John Irving's Queen Esther Review – A Disappointing Follow-up to His Classic Work
If some novelists have an golden era, in which they achieve the pinnacle consistently, then American writer John Irving’s ran through a run of several substantial, gratifying books, from his late-seventies hit His Garp Novel to 1989’s His Owen Meany Book. Those were generous, humorous, warm books, connecting figures he refers to as “outliers” to cultural themes from women's rights to termination.
Since Owen Meany, it’s been waning outcomes, except in page length. His last novel, the 2022 release The Chairlift Book, was nine hundred pages of subjects Irving had explored more effectively in previous novels (mutism, short stature, transgenderism), with a two-hundred-page script in the middle to pad it out – as if filler were necessary.

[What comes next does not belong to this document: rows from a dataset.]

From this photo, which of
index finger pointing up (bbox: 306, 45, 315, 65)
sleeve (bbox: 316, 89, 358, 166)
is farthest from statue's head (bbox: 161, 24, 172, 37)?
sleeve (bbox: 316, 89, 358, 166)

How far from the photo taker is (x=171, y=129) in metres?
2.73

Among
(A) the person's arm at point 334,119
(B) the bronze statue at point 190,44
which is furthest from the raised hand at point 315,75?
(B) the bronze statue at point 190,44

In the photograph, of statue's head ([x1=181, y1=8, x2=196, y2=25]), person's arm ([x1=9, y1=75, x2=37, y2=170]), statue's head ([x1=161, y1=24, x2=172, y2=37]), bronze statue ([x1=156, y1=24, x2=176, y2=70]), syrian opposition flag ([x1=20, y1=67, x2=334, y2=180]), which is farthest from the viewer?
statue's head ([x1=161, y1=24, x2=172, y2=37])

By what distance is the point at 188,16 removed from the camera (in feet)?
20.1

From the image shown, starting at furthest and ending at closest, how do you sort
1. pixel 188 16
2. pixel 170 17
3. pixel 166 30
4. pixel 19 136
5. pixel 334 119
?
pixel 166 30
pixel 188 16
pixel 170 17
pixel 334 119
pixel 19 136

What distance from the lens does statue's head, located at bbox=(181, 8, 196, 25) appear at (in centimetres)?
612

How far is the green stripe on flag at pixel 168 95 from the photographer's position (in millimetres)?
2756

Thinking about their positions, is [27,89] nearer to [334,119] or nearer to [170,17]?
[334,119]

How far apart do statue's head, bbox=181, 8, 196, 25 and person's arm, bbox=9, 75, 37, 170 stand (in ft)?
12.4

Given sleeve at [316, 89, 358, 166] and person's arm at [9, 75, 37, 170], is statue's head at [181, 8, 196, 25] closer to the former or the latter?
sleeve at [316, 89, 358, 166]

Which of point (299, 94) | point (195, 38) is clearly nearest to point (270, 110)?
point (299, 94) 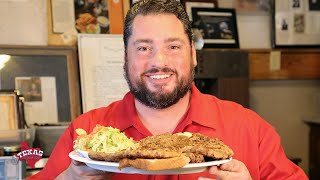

Therefore we approach a new Irving with care but still a tiny flame of optimism, which shines hotter when we learn that Queen Esther – a just four hundred thirty-two pages long – “revisits the world of The Cider House Rules”. That 1985 work is one of Irving’s finest books, taking place largely in an children's home in St Cloud’s, Maine, managed by Wilbur Larch and his apprentice Homer Wells.
This novel is a failure from a author who previously gave such pleasure
In His Cider House Novel, Irving explored abortion and acceptance with richness, comedy and an total understanding. And it was a major work because it moved past the topics that were evolving into tiresome tics in his novels: grappling, wild bears, Austrian capital, sex work.
Queen Esther starts in the made-up village of New Hampshire's Penacook in the early 20th century, where Mr. and Mrs. Winslow take in teenage ward Esther from St Cloud’s. We are a a number of generations before the events of Cider House, yet the doctor stays identifiable: already addicted to anesthetic, respected by his caregivers, beginning every address with “Here in St Cloud’s …” But his appearance in this novel is restricted to these opening sections.
The couple are concerned about parenting Esther properly: she’s from a Jewish background, and “in what way could they help a adolescent Jewish female understand her place?” To answer that, we move forward to Esther’s later life in the 1920s. She will be a member of the Jewish exodus to the area, where she will become part of the Haganah, the pro-Zionist armed group whose “purpose was to protect Jewish communities from Arab attacks” and which would subsequently form the foundation of the Israel's military.
Such are huge topics to address, but having brought in them, Irving avoids them. Because if it’s disappointing that the novel is hardly about the orphanage and Wilbur Larch, it’s still more upsetting that it’s additionally not about the titular figure. For causes that must relate to plot engineering, Esther becomes a substitute parent for another of the couple's offspring, and gives birth to a male child, Jimmy, in World War II era – and the bulk of this story is Jimmy’s story.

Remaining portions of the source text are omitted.